DATA PROVIDED:
* * * * * * *
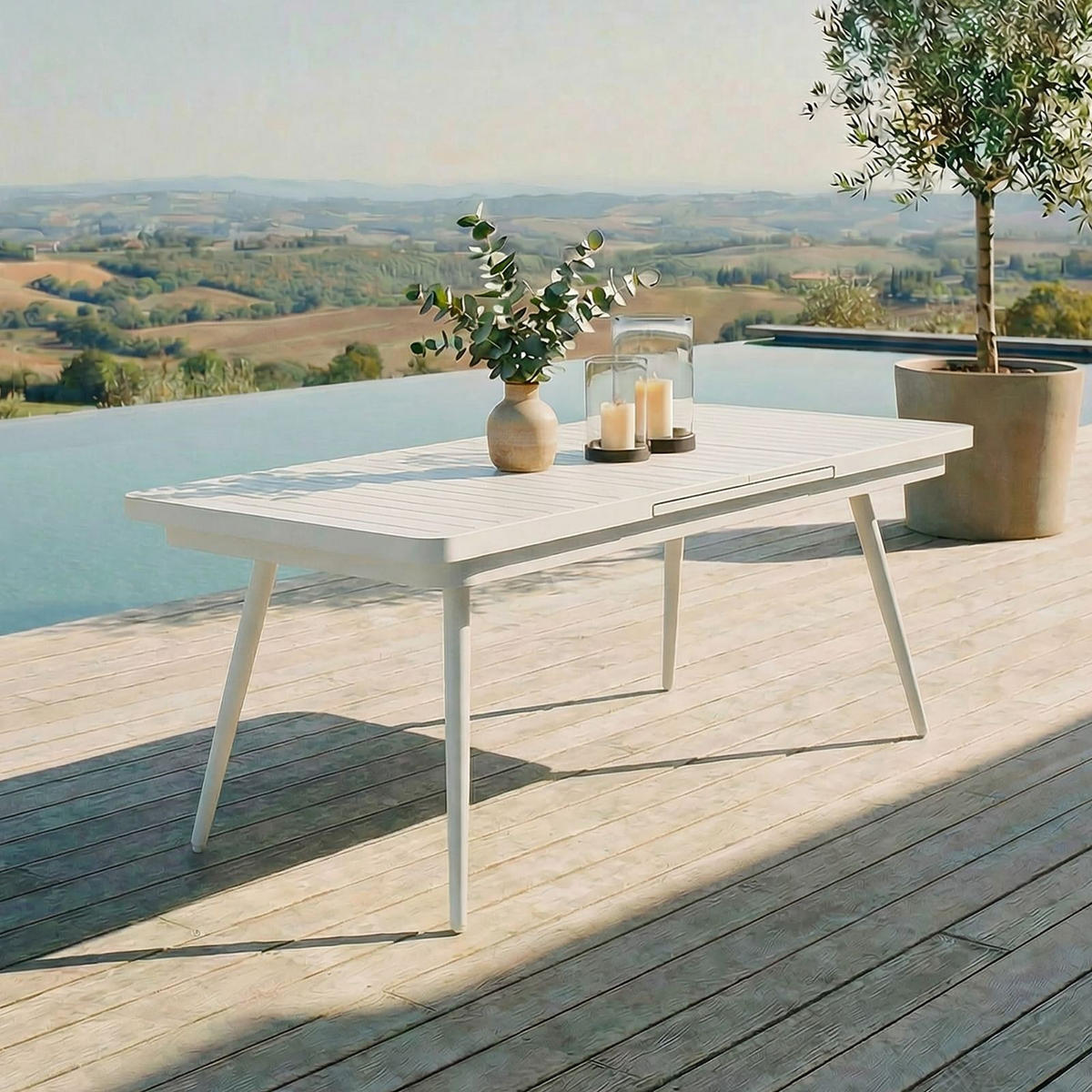 GARTENTISCH SUNNY weiß - Weiß, Metall (90/180/77cm) - IDIMEX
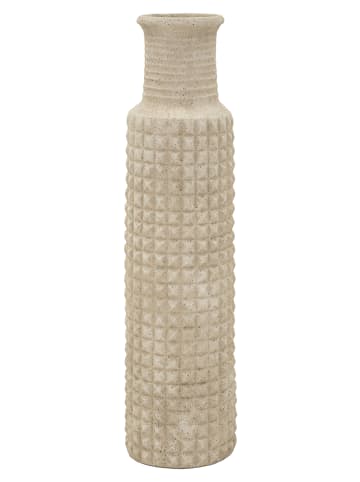 Mauro Ferretti Beigefarbene Kunstharzvase für den Außenbereich, Ø 28 x 110 cm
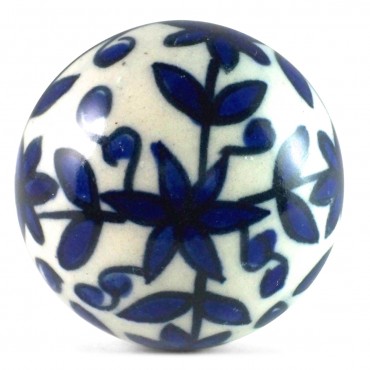 Cream and Blue Ispahan Knob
* * * * * * *
TASK DIRECTIONS: Word for word, restate each line above, minus its pictures.

THE COMPLETED TASK:
 GARTENTISCH SUNNY weiß - Weiß, Metall (90/180/77cm) - IDIMEX
 Mauro Ferretti Beigefarbene Kunstharzvase für den Außenbereich, Ø 28 x 110 cm
 Cream and Blue Ispahan Knob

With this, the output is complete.